唐初功臣傳を掲載中、約80人の予定。全掲載後PDFで一覧を作る。
その後隋末・唐初群雄傳に移行するつもりです。

代宗前史+寶應元年 西暦762年

2020-03-31 10:01:43 | Weblog
[代宗即位前史]

安史の乱、皇太子[肅宗]は玄宗と別れ西北に奔り、朔方節度使に拠り擁立されて即位した。廣平王俶は、弟建寧王倓[後に讒言により殺される]よりは能力的に劣っていたが、肅宗の長子であるので天下兵馬元帥として郭子儀等に奉ぜられて乱の平定に貢献した。

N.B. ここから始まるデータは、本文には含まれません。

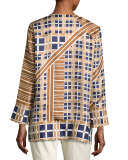 Adeline Bracelet-Sleeve Plaid Silk Blouse, Multi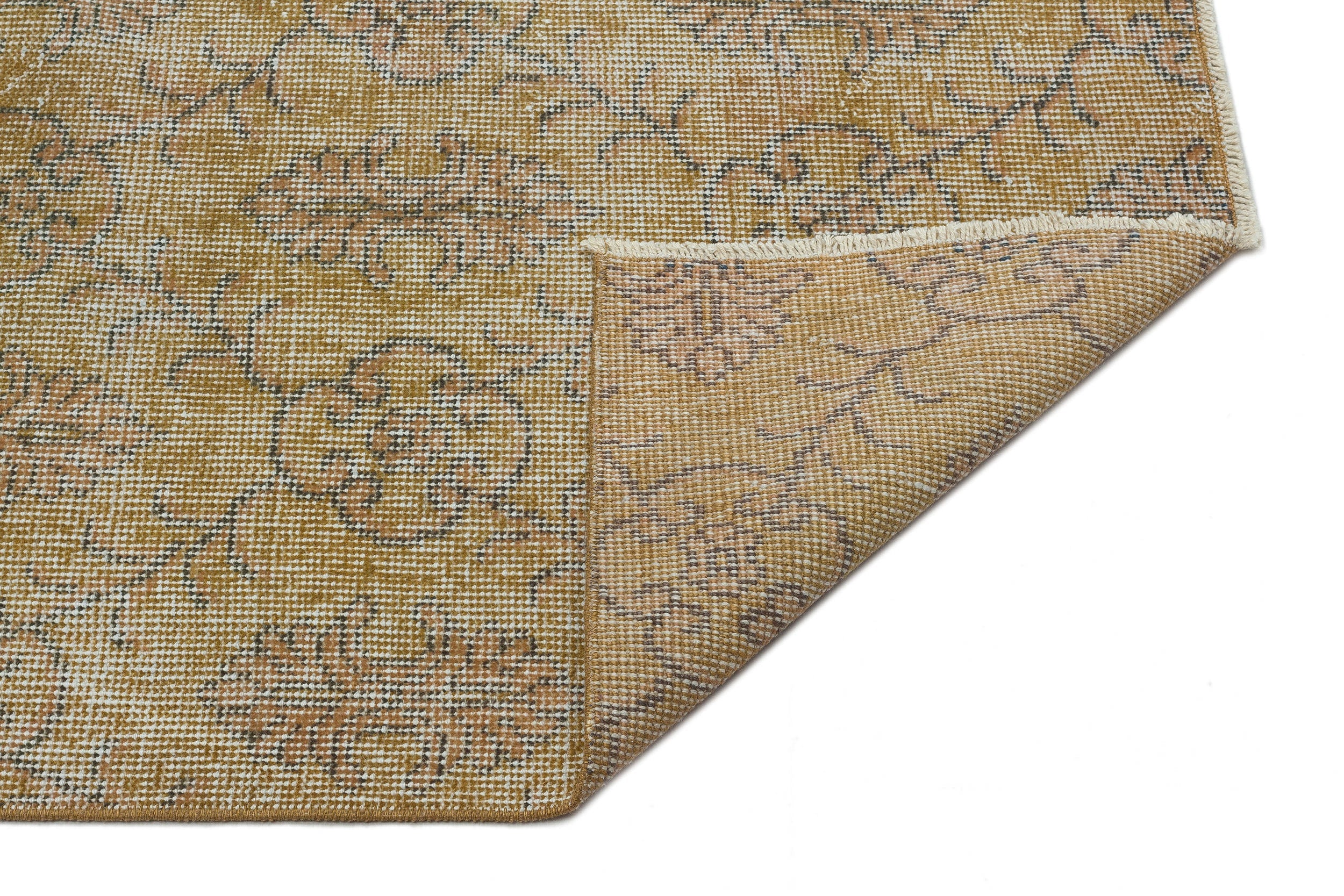 Atina Brown Vintage Wool Handmade Area Rug 5'8" x 9'2"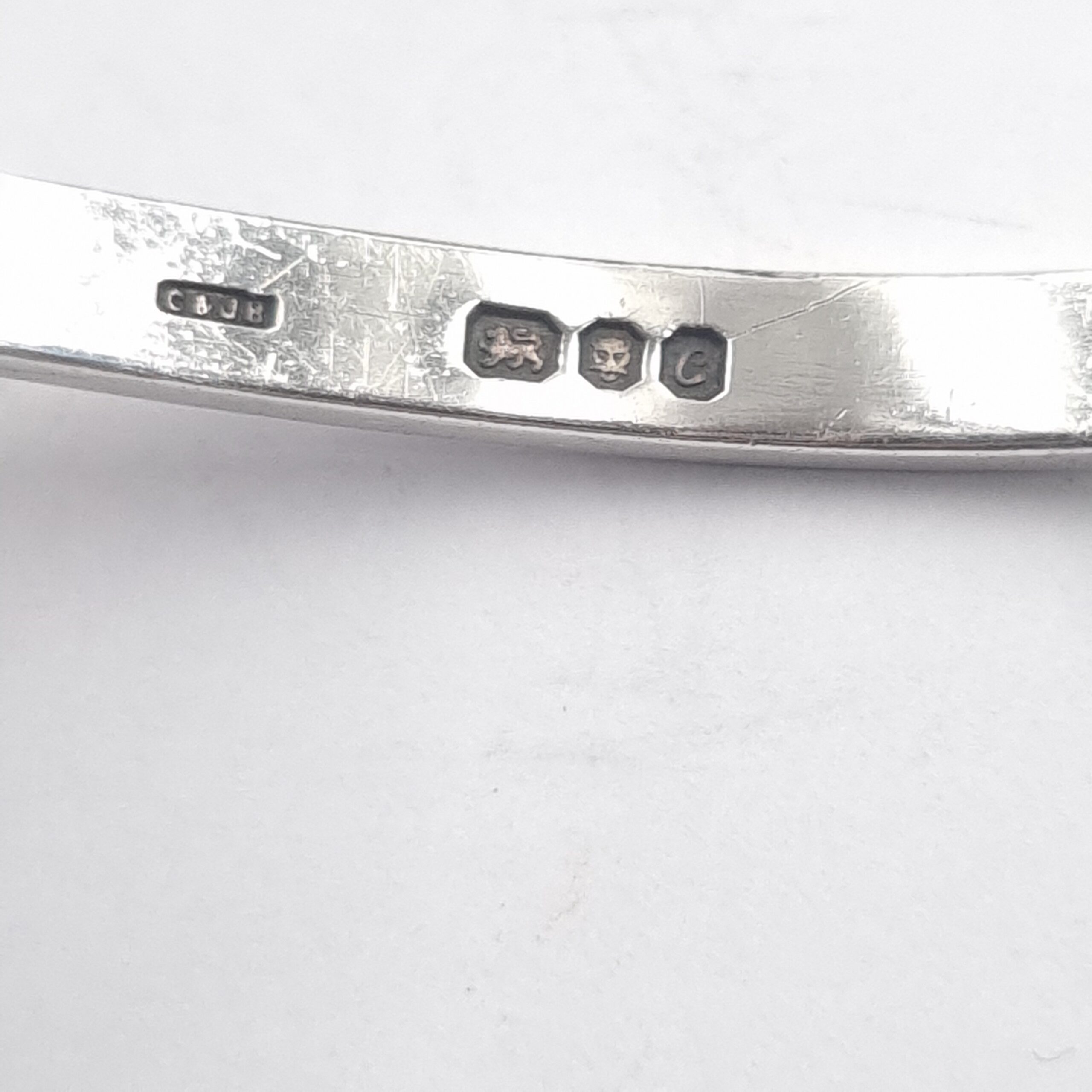Lace Agate Bangle Sterling Silver Hallmarked London 1977 - Image 6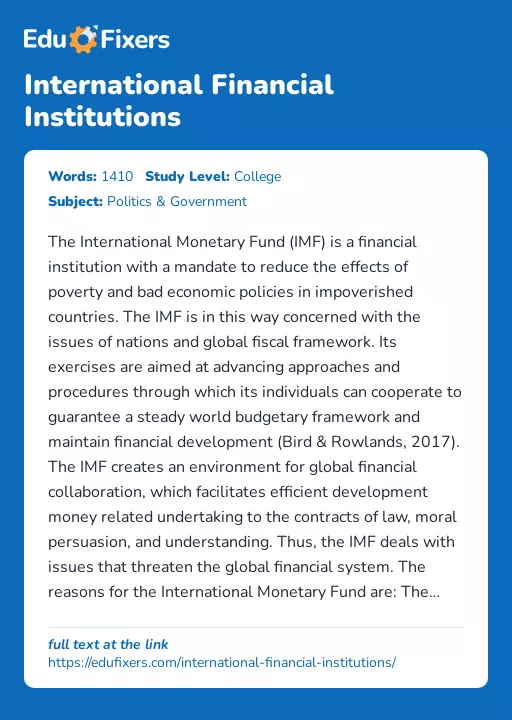 International Financial Institutions - Essay Preview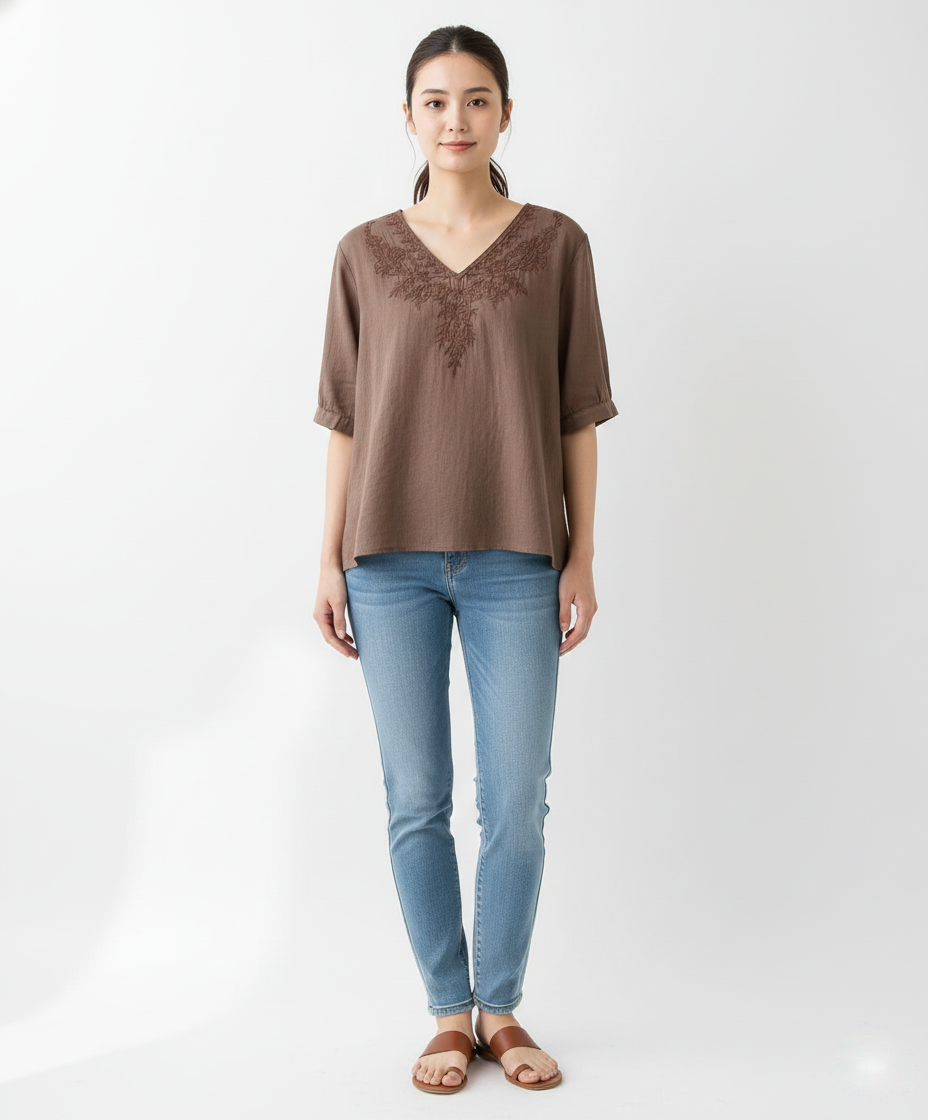 Lightweight Cotton Top Featuring Intricate Resham Embroidery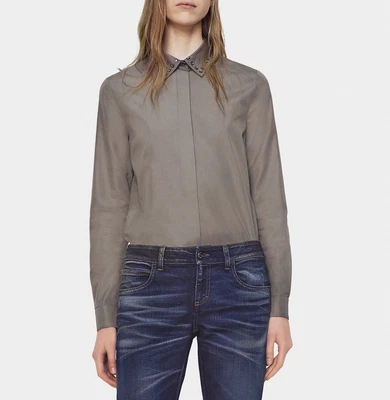 $327.43 • Buy Gucci Shirt Embellished Crystal Collar Grey Cotton Top Blouse $960 It 44 Us 8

優柔不断な肅宗は、強気な妃張氏[後に皇后]と、暗躍する宦官李輔國の間を浮動しながら統治していたが、張皇后の子が幼いため、俶を乾元元年[西暦758年]五月皇太子に立てた、しかしその地位は不安定なものであった。

上元元年[760年]六月、張皇后の子興王が亡くなりやっと太子の地位が定まった。

寶應元年[762年]建巳月玄宗上皇と肅宗皇帝が揃って重病になり、張皇后と李輔國は権力を争って陰謀を巡らした。張皇后は太子を自派に入れようとしたが失敗し、当時の天下兵馬元帥趙王係を擁立しようとした。輔國は程元振とともに太子を擁して先手をうち、皇后と係を殺し太子を即位させた。

寶應元年 西暦762年
建巳月甲寅,玄宗崩于神龍殿,年七十八。
丁卯,肅宗上崩。李輔國等殺皇后、趙王係、兗王僴。
己巳,代宗即位。
宦官に擁立された最初の唐皇帝である。

建巳月甲戌,皇子奉節王适為天下兵馬元帥。
輔國は元帥府司馬となり軍權を掌握し、郭子儀の軍權を解いた。郭子儀は河中において起きた軍乱を鎮圧中であった。
輔國は恃功益橫で、代宗に対して「あなたは宮中で安居していればよい、政治は私がする」と言い放った。さすがに代宗は不服であったが、軍權は輔國にあり当面は委任するしかなかった。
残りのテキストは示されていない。